At some point, I will have to participate in the FF. So far I've let Dan do it. The only thing I've done so far is pressure on his muzzle if he drops a bumper, and putting the bumper back in his mouth. It's not that I'm opposed to doing it, it's that I don't want to do it incorrectly. I'd rather have Tito understand it totally (that he, himself is in charge of whether or not he gets pressure on his ear) before I do it. I'm to use the collar at home this week (with more explanation from Dan before we left) so that Tito realizes that the collar isn't just an extension of Dan, anyone can use it. 

And now I have to admit that I'm feeling VERY guilty. I leave there with such good intentions, but I'm not doing ANYTHING at home with him. Wednesday was the hunting lesson. Thursday and Friday we were at dog shows. Today/tomorrow I have to work all day, it's super busy here at the pet hotel, hot as heck out, etc. Add to that a major frustration right now with the UDX legs in obedience, and I'm not being a very good training partner for Tito right now.

Hope everyone gets some good training ideas from Tito's training journal!


----------



## GoldenSail (Dec 30, 2008)

Barb-

Thank you so much for writing these.
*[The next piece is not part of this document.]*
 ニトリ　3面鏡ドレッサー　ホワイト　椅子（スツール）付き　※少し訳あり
It helps a lot and I enjoy them. When you send on marks don't you send on Tito's name? I am so novice, but I see that fetch is never really used unless the dog drops the bird/bumper and you have to correct him.
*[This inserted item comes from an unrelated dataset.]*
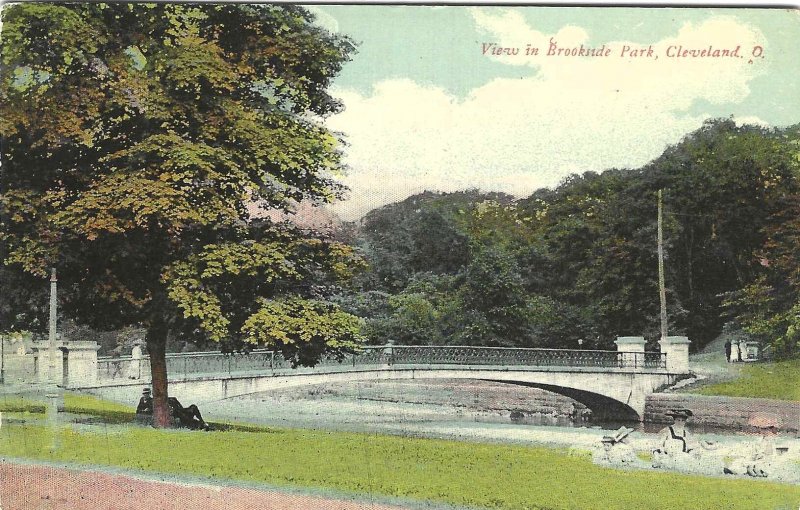 1912 View in Brookside Park, Cleveland, Ohio Postcard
I like what he said about take it vs. fetch, and I have been doing a similar thing. Fetch is my 'have to' command, and 'get it' is not enforced. So, if we play with a ball/stick or I ask her to bring my shoes in the morning I am not going to enforce it. (Although I may have to give up on playing with sticks/balls at least the time being so as not to create bad habits  )

I hope you find time to get your training in. Just relax--Tito will get there. Maybe you also need a break from the obedience ring~~birds is a good break 

Lisa


----------



## Loisiana (Jul 29, 2009)

Tito already understands the casting to the side (not sure why he knows this)
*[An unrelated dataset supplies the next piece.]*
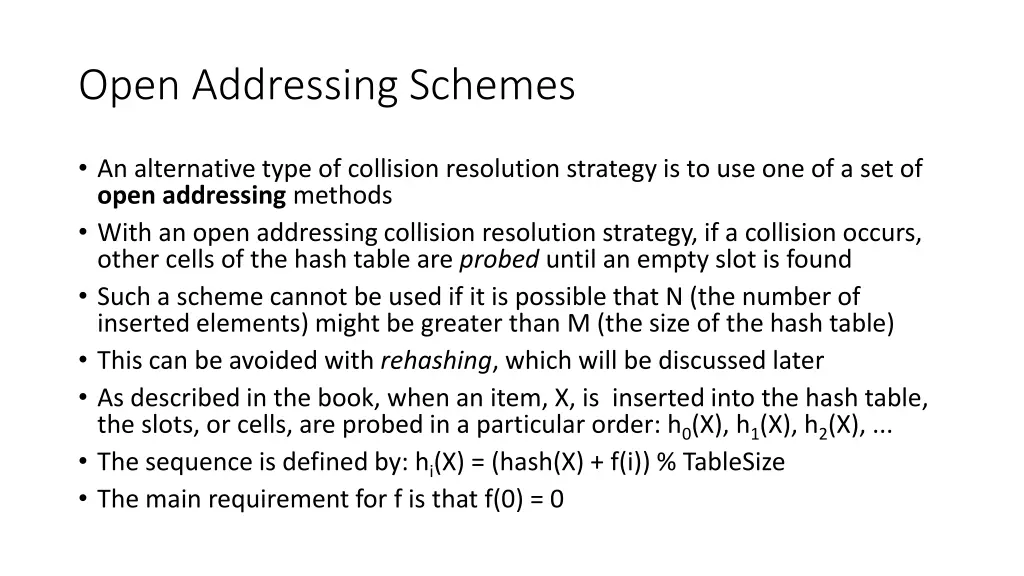 open addressing schemes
I think it's because he's familiar with taking directions from directed jumping. Conner had no problem with this either.

One thing I found interesting is when I talked to a trainer that does both field and obedience. She said that she ran into a problem when she showed in obedience outdoors, and her dog would actually cast left or right instead of taking a jump. She solved that problem by making her jump signal an angle in. Never had a problem at indoor trials though.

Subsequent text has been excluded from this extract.